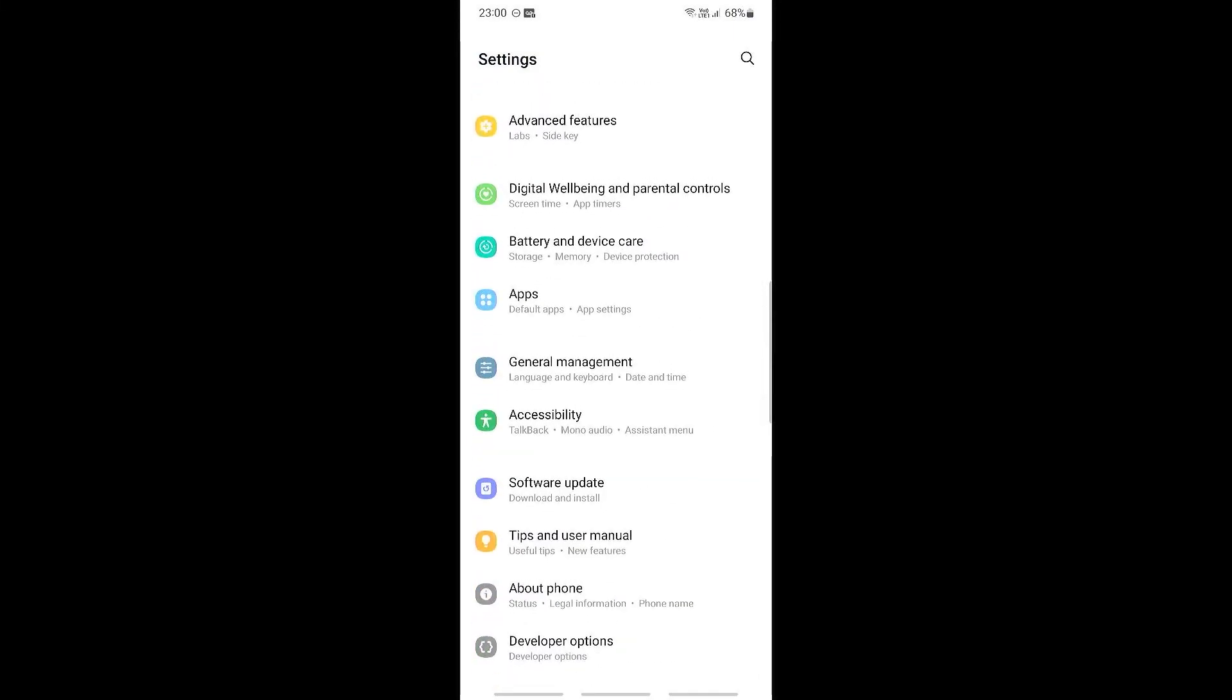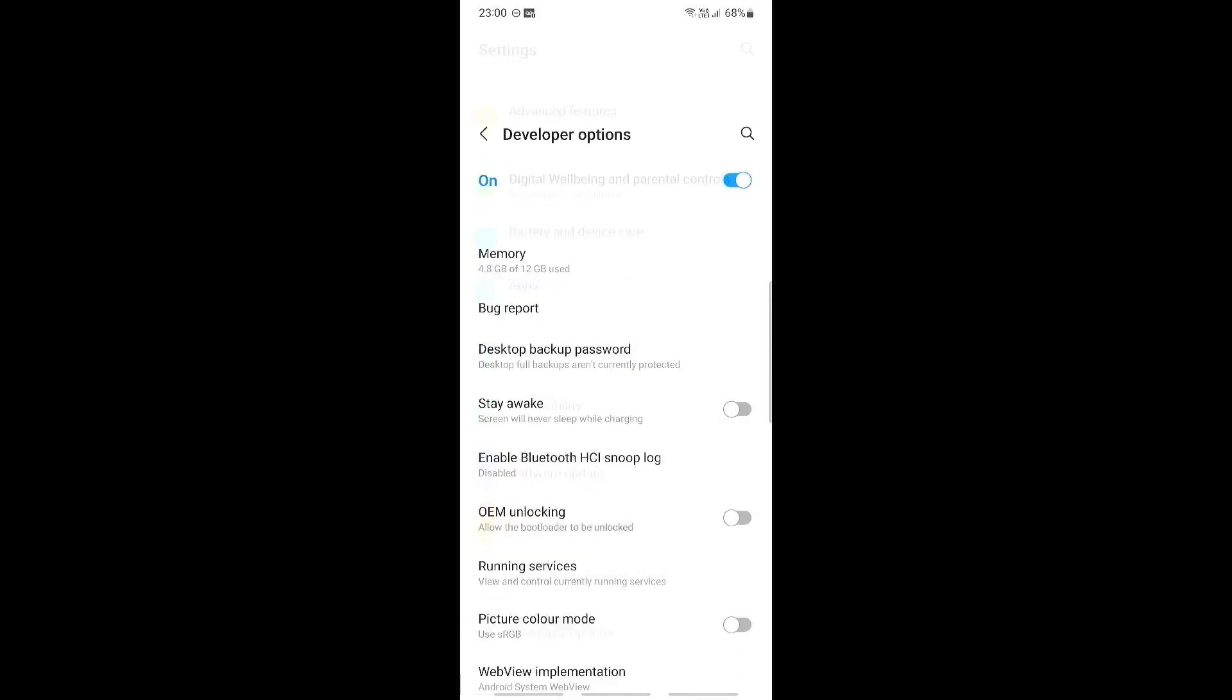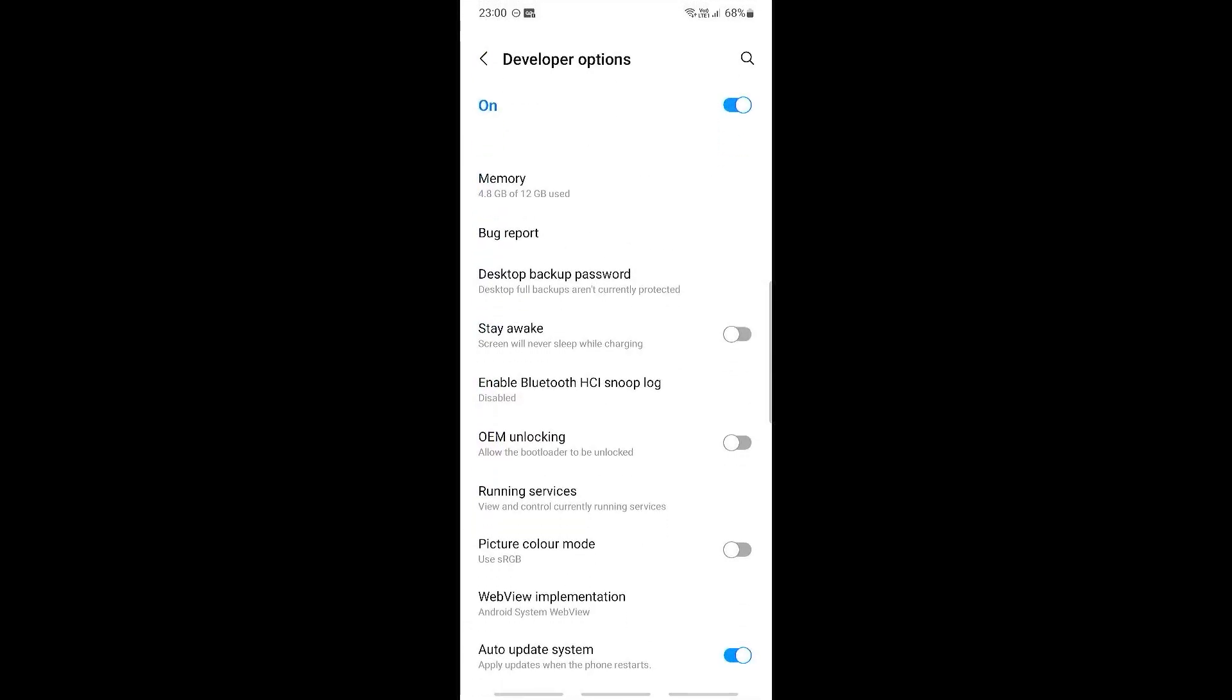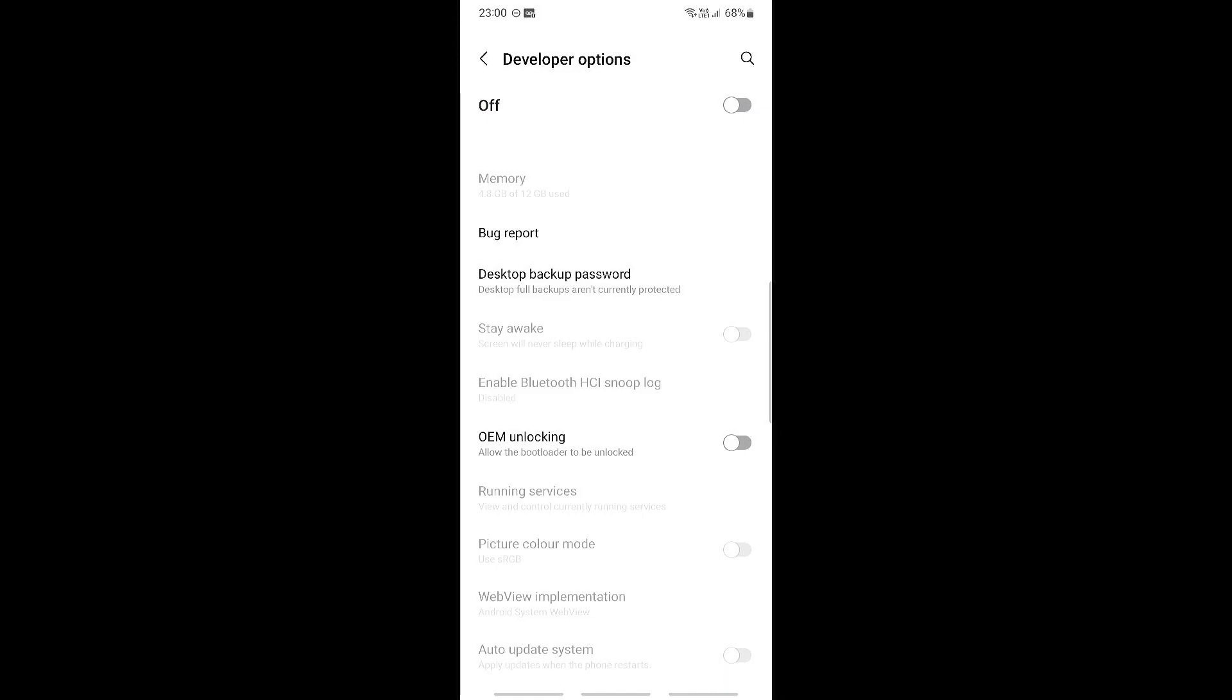and then once you see the developer options right here, let's go ahead and select this and then make sure to turn this off right here. Now what you need to do is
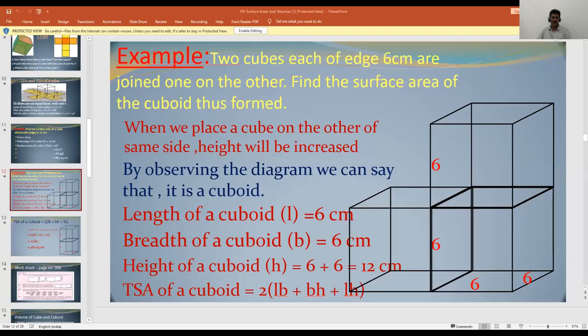Today we are going to learn some more about this topic. Let us start our session with one example problem. So far in the previous session we have learned some example problems. Here is one more example problem.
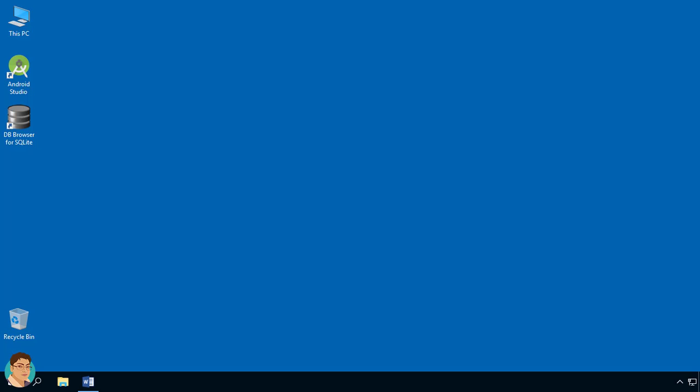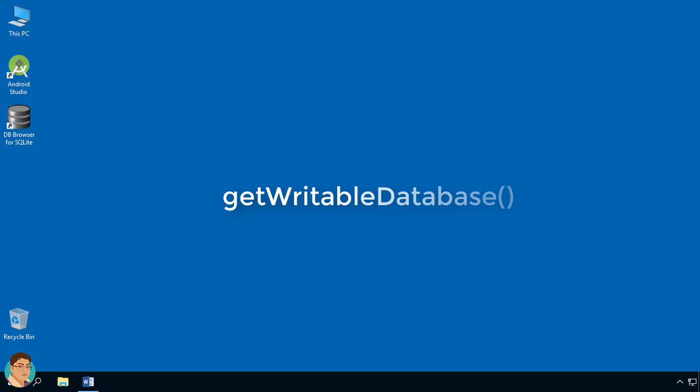Inside activity where you want to use database, create an object of Database Helper which extends from SQLite Open Helper and call the method GetWritableDatabase on that Database Helper object. This is going to give you an object of SQLite database.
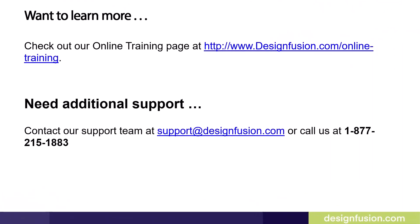Want to learn more? Check out our online training page at the website listed on this slide. If you need additional support, contact our support team at support@designfusion.com or call our tech line at 1-877-215-1883.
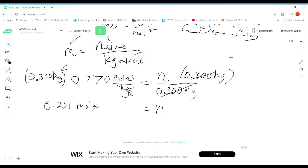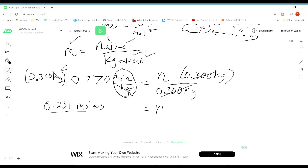I've got my 0.231 moles. That was the hard part of this whole problem right there — 0.231 moles. Now that I have my moles, let's go ahead and finish the problem.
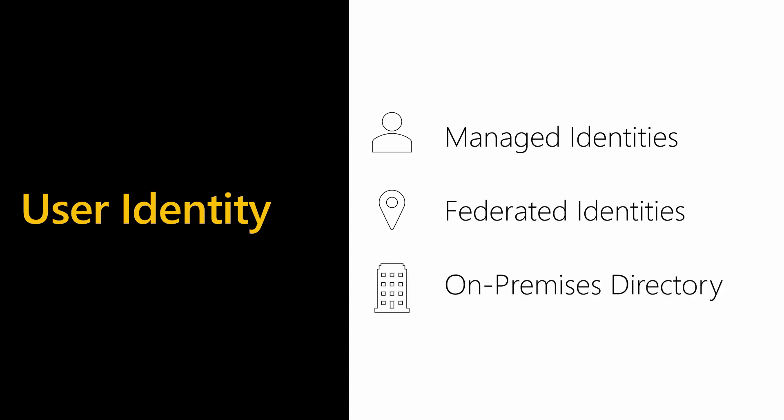The most common scenario we see with our customers is that they already have an on-premises directory or identity management set up, and you can then just set up Azure Active Directory Connect so you only need to manage a user once. This means that whenever you add a user to your on-premises Active Directory, this user will automatically be created in Azure Active Directory. So users can then sign into Power BI using the same username and password as they used to log into Windows.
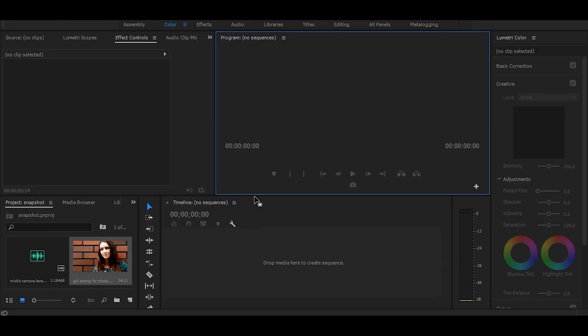Hi! In this tutorial, I will show you how to create a snapshot effect in the middle of a video. So let's start without any delay.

_____

EXERCISE DETAILS: In the answer, repeat exactly the lines from the top of the entries above through the line with "I've got my", and leave pictures out of it.

ANSWER BOX:
and then once you see the developer options right here, let's go ahead and select this and then make sure to turn this off right here. Now what you need to do is
Today we are going to learn some more about this topic. Let us start our session with one example problem. So far in the previous session we have learned some example problems. Here is one more example problem.
Inside activity where you want to use database, create an object of Database Helper which extends from SQLite Open Helper and call the method GetWritableDatabase on that Database Helper object. This is going to give you an object of SQLite database.
Want to learn more? Check out our online training page at the website listed on this slide. If you need additional support, contact our support team at support@designfusion.com or call our tech line at 1-877-215-1883.
I've got my 0.231 moles. That was the hard part of this whole problem right there — 0.231 moles. Now that I have my moles, let's go ahead and finish the problem.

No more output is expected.